Will Robber Bees Kill the Queen? How to Stop It

Robber bees don’t typically seek out and kill the queen directly, but robbing events can lead to her death in several ways. The queen may be killed by her own workers through a stress response called “balling,” or she may perish along with the rest of the colony when its honey stores are completely depleted. Either way, a serious robbing event puts the queen’s life at real risk.

How Robbing Can Kill a Queen

During a robbing attack, the hive fills with unfamiliar bees carrying foreign pheromones. This flood of alien scent can trigger a defensive behavior called “balling,” where worker bees cluster tightly around the queen in a suffocating mass. Balling usually results in the queen’s death, though researchers still aren’t entirely sure whether the workers are trying to kill a queen they suddenly perceive as foreign or trying to protect her from a perceived rival. The chaos of robbing, with its mix of foreign and resident pheromones, can essentially trick the colony’s own workers into treating their queen as an intruder.

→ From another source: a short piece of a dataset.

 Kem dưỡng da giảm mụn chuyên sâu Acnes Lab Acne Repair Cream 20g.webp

Even workers standing near the ball can get caught up in it. Bees too closely associated with the balled queen’s pheromones sometimes become targets of secondary balling themselves, with a worker bee at the center instead of the queen.

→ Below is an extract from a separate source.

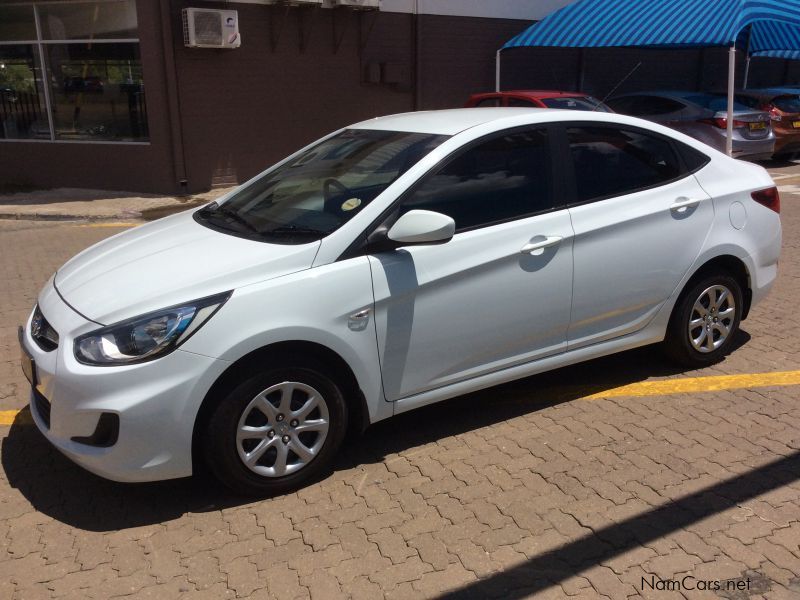 Used Hyundai Accent 1.6 Motion manual | 2015 Accent 1.6 ...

If the queen survives the immediate attack, she still faces the aftermath. Robber bees will continue raiding a colony until its stores are totally depleted, sometimes stripping every drop of honey in a matter of hours or days. A colony left with no food heading into fall or winter will starve, queen included. Even if the colony doesn’t starve outright, the stress and population loss from a major robbing event can leave it too weak to recover.

What Robbing Looks Like

Robbing often starts as an alarming flurry of activity at the hive entrance that can be mistaken for a large orientation flight. The differences become clear if you watch closely. Orientation flights happen in the afternoon, last only 20 to 30 minutes, and have a buoyant, almost playful quality as young bees learn to fly. Robbing has a grim, menacing feel. The attacking bees dart around erratically, looking for an opening to slip inside, and the activity continues until dark, then starts again at first light.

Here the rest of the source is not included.